前号に引き続き、今夏の全国合宿における講演抄録を掲載する。今号は、山下英三郎さん。
私はこれまで「スクールソーシャルワーク」の理念と取り組みを通じて、不登校の子どもたちと関わり続けてきました。ソーシャルワークといっても、あまり馴染みのない方もいらっしゃると思いますので、かんたんに説明します。「ソーシャルワーク」では、問題を「個人と環境の関係性の不適合状態」と捉えます。したがって、問題を解決するうえでは、個人と環境、双方に働きかけ、両者の折り合いをどうつけていくかということを模索していく支援のありかたです。ひと口に折り合いをつけると言っても、さまざまな方法があります。だから、不登校をした子どもをいかにして以前と同じ学校に戻すか、というようなことにのみ焦点を当てた短絡的なアプローチはしません。
基本的には、個人の持っている可能性を発揮できるようエンパワーすると同時に、環境が個人に適合できるよう調整をするという関わり方をします。

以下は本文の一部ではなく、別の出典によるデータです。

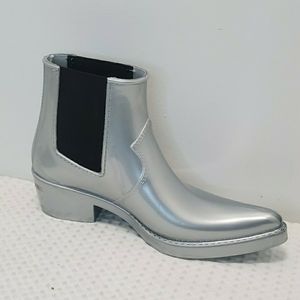 NEW CALVIN KLEIN silver carol Chelsea Western Rubber Ankle Rainboots 7 1/2m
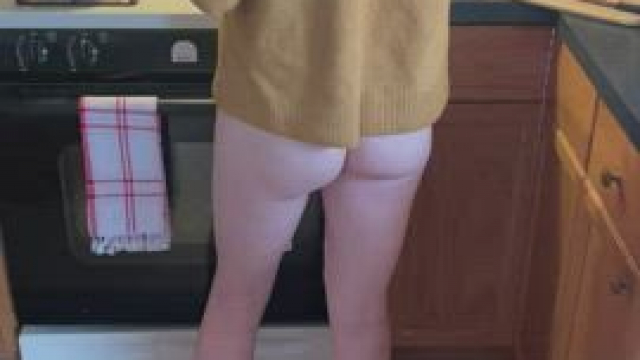 First post here hope you enjoy my nice little mom butt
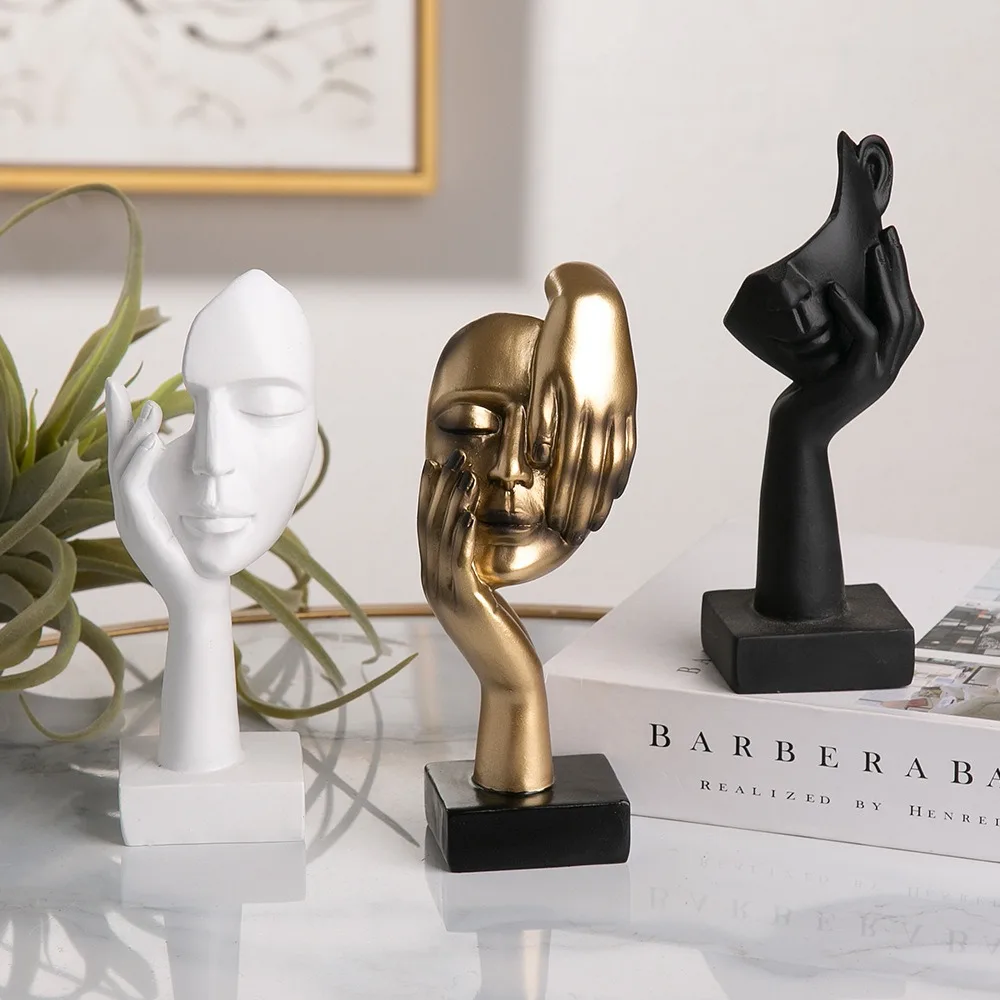 Nordic Abstract Face Statue 2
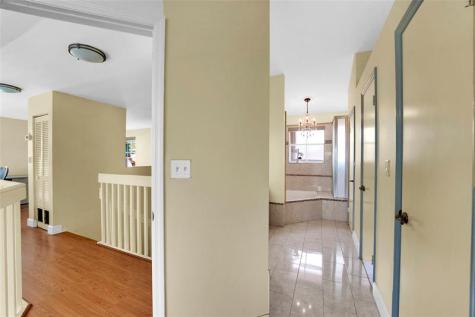 3130 N 38th Avenue Hollywood FL 33021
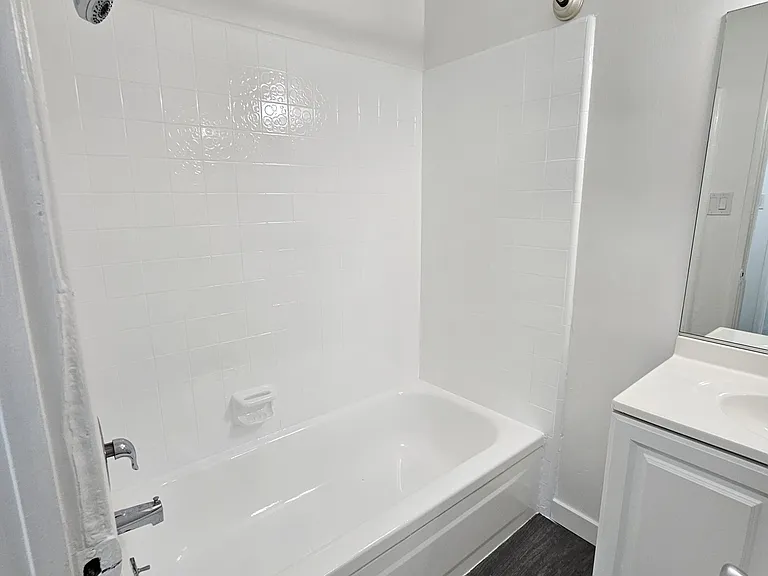 6823 Variel Ave #5 — Photo 9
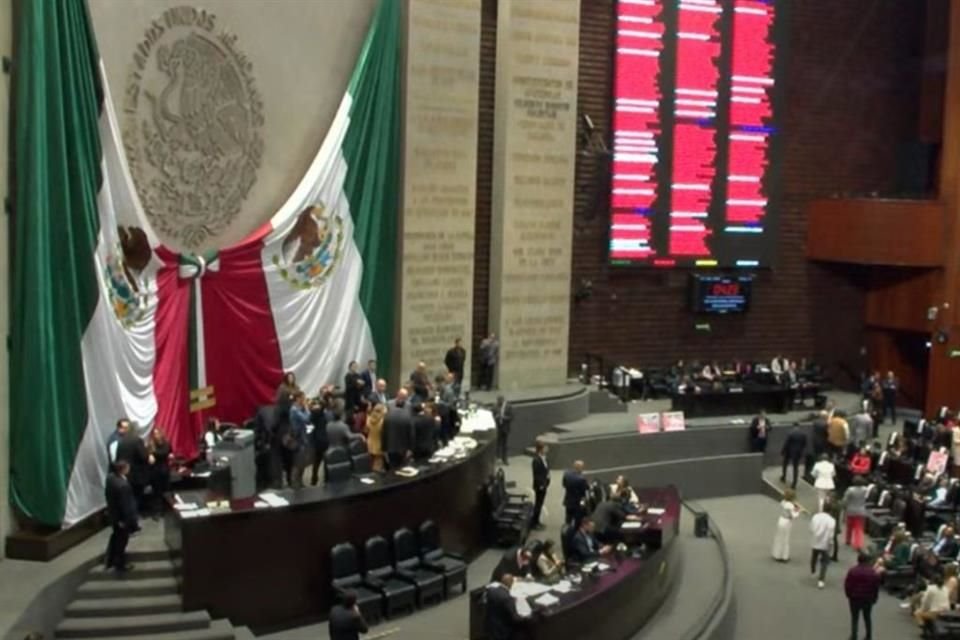 Cámara de Diputados avaló en lo general la reforma que permite al Infonavit utilizar recursos para adquisición de suelo y construcción.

たとえば、不登校の場合、個人がいくらエンパワーされても、環境がまったく変わらなければ意味がありません。つまり、環境としての学校が変わらないかぎり、問題は解決しないと考えます。
また、日本の社会ではえてして、個人の性格や気質に原因があると見なすきらいがあります。不登校も例にもれず、「ガマンが足りない」「ワガママだ」というように、子ども個人の問題に矮小化してしまいがちです。しかし、不登校の子どもは毎年11~12万人前後いるわけですから、原因を個人に帰結することでは説明がつかないのです。